Ben Newland is an artist, designer and music fanatic who tends to work with sound and sound system technologies. He is the creator of the Nomadic Sound System, a 10 piece portable sound system in the form of a marching band. In this talk Ben Newland meanders through the history of portable sound system use and explores the cultures that revolve around them. From marching bands, to sonic weapons, to sodcasting teenagers on the back of buses, portable sound systems are projectors of territory, identity and cultural values and disruptors of the status quo. He will also demonstrate his own sound system projects and speculate on the future of mobile noise making. You can follow Ben on Twitter @Nomadicsoundsys.

Hosted by Dr Mick Taylor

Facebook event

Twitter: @brightonnerd

Nerd Nite 43: Nerd Nite at the Museum

Nerd Nite teams up with Brighton Science Festival this month for a FREE Nerd Nite at the Museum special as part of the Brighton Museum Late! We’ll be taking over the fantastic Museum Lab space on the first floor, and we’ll have two nerdy speakers, plus our usual quiz and nerd news. There will also be other exciting activities to check out elsewhere in the Museum, courtesy of University of Sussex researchers.

Tickets are free, but limited, so make sure you sign up for the Museum Late via the British Science Festival site.

Please note, this Nerd Nite special starts earlier than usual at 7.30pm. Museum doors will open at 7.00pm.

1. Spinning the colour wheel (Dr Alexandra Loske): A talk about how the invention of new pigments and publications on colour influenced the Royal Pavilion interiors. Alexandra is an art historian, curator and editor with a particular interest in late eighteenth and early nineteenth century European art and architecture. She has been working at the University of Sussex since 1999 and is the managing editor of the Frogmore Press. She is currently working on a book on the history of colour systems in art and print culture. Alexandra is a Curator at the Royal Pavilion and Brighton Museums.
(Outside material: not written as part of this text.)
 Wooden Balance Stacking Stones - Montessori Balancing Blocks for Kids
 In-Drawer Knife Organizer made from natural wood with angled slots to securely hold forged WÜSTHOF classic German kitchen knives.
2. The Beast Within – A brief introduction to the organisms that make others their home (Lee Ismail): Parasites are some of the most successful organisms on Earth. Some cause irritation and discomfort to their hosts, such as fleas or lice, whilst others are horrific parasitoids that alter their host mentally and physically before ultimately killing them. Parasites themselves can range from complex, multicellular organisms such as spider wasps to the simplest of single celled organisms causing horrific diseases in animals and humans. This talk gives a very brief introduction to these lifeforms and demonstrates how we may not be in full control of our lives after all! Lee Ismail is Curator of Natural Sciences based up at the Booth. His favourite animal is a pangolin.

Hosted by Anna Downie

Nerd Nite 42: Climate change, Singularity and Owls

Nerd Nite Brighton: Climate change, Singularity and Owls
Thursday 27th July 2017

We’ve got something for everyone at Nerd Nite this month with an amazing diversity of speakers, plus our usual nerd news, nerd quiz and (nerd) cakes.
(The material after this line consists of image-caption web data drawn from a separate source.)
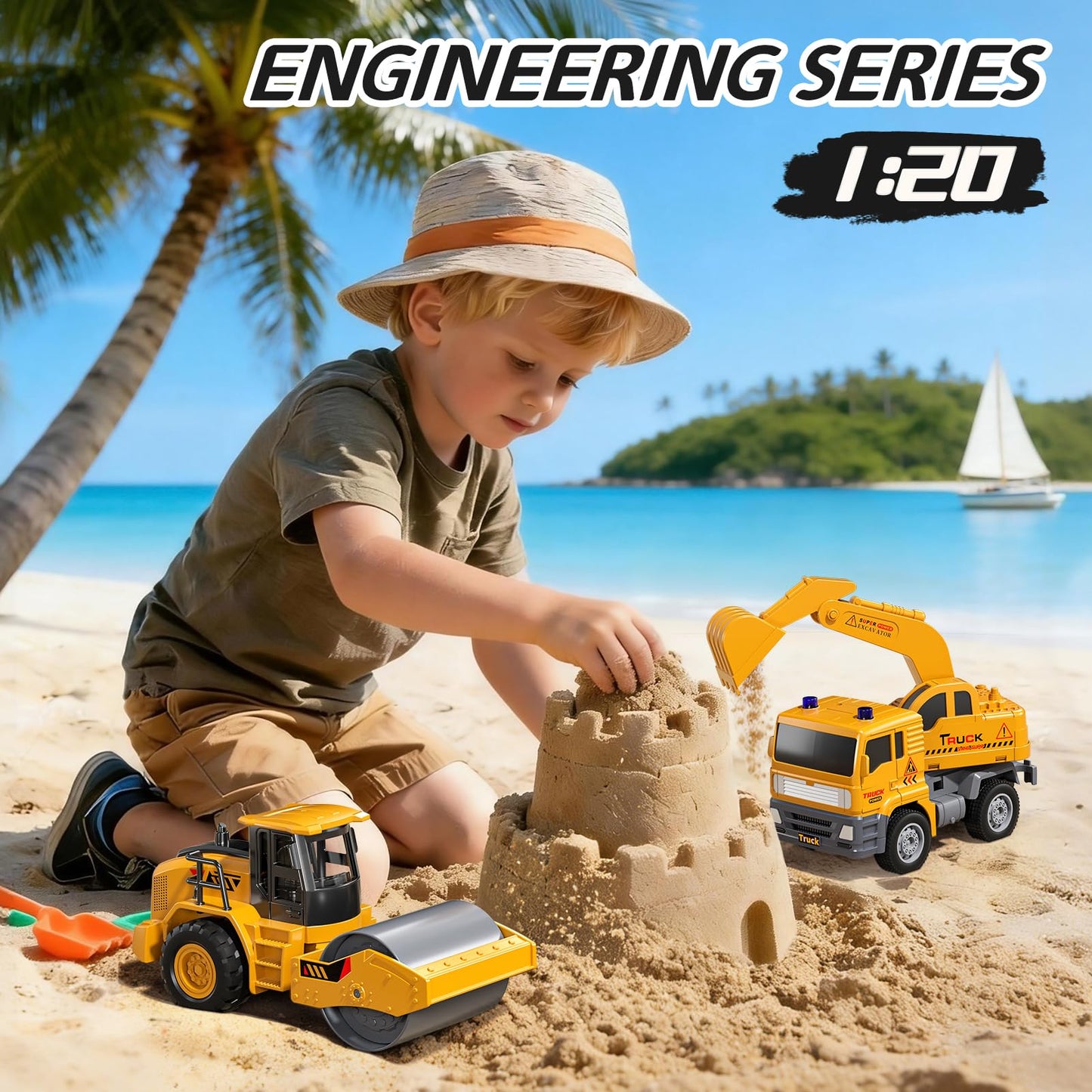 KukuFun 4-Pack Truck Toys for Boys 3-5 Year Old，Construction Sandbox Toy Set with Excavator，Indoor/Outdoor Sand Toys for Kids Toddlers Girls Age 3-8，Birthday Gifts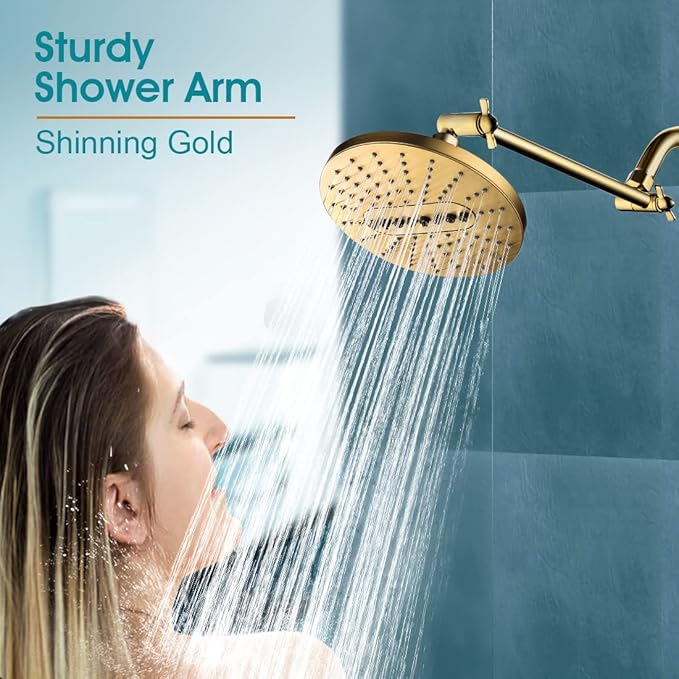 Brass Shower Head Extension Arm, Height & Angle Adjustable,10 Inch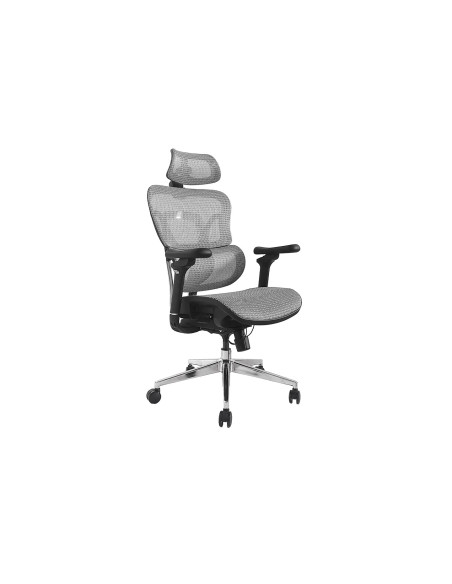 Wyposażenie Ergonomiczne Krzesło Biurowe + Zagłówek/Podłokietniki Szare Lite Sprzedaż Detaliczna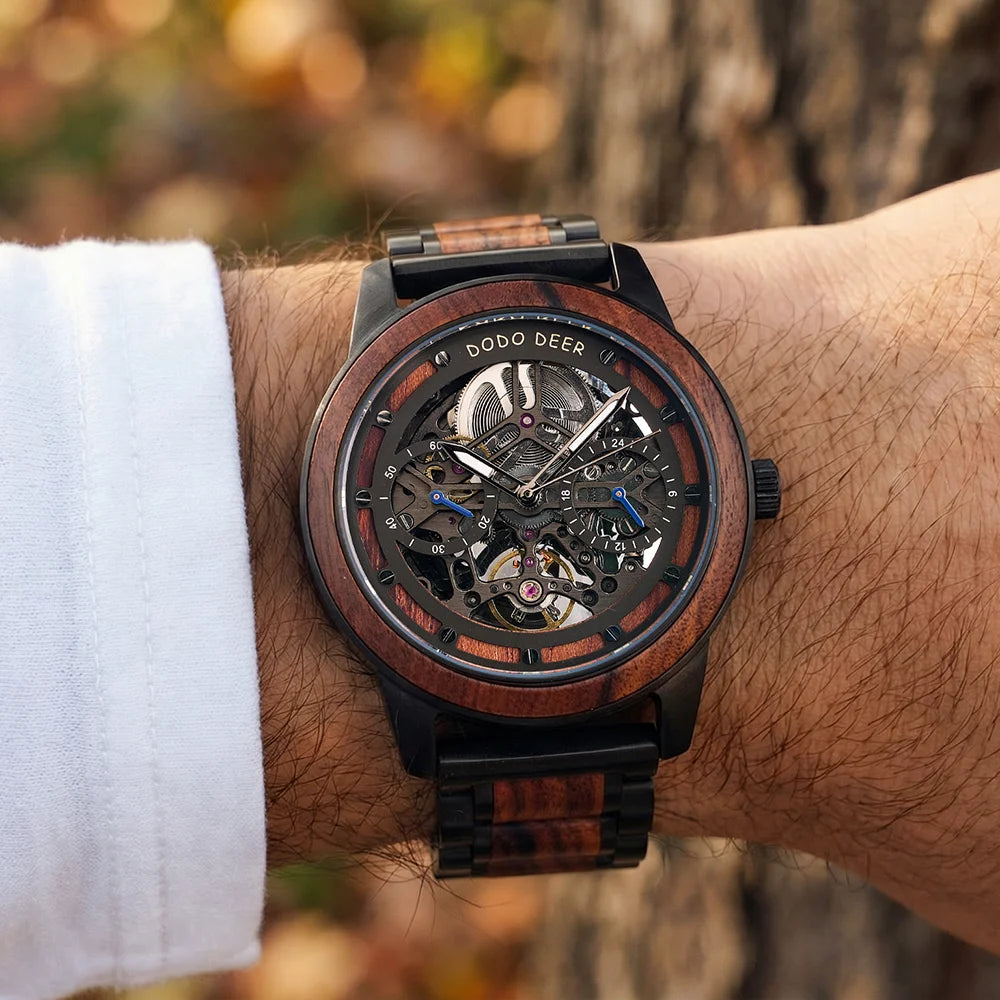 Premium Skeleton Wooden Mechanical Watch Personalized Automatic Timepiece Handmade Wood and Steel Wristwatch for Men's Gift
Doors open 7.30pm for an 8pm start.

£4 Regular Nerds, £3 Unemployed/NUS/65+ Nerds

Tickets available from Rialto Theatre
Twitter: @brightonnerd
Facebook: NerdNiteBrighton

Our speakers this month:

Robin Webster: Grief, hope and whether the climate geeks could save the earth
David Plummer: Owls: Natural Born Killers
Simon Wilkinson: Postcards from the Singularity

Robin Webster will be talking about whether the nerdy language we use when we talk about climate change is almost deliberately set up to distance us from the reality of the issue – and in polite society we’ve silently agreed not to talk about it at all. She’ll describe some of the most recent technical research showing us where we’re at on emissions, the tehno fixes we’re relying on and the unexpected changes of the last few years that give us hope. She’ll also take a dive into the fascinating research showing why we find it hard to talk about climate change, how we might be able to frame our way out of trouble and why small actions matter a lot more than we think they do.

Robin has been a climate change researcher, writer and campaigner for ten years. She’s worked for a number of different NGOs and specializes in turning technical material about climate change impacts and emissions into something that someone might want to read. In 2009, Robin helped start up the climate fact-checking blog Carbon Brief, and subsequently spent a few years diving into Daily Mail headlines and the Annexes of reports about energy policy – in order to find out what was accurate and what (more often) wasn’t. Robin also performs comedy improv and has trained as a storyteller. She’s fascinated by how we can tell more compelling stories about climate change, and why we don’t often do it.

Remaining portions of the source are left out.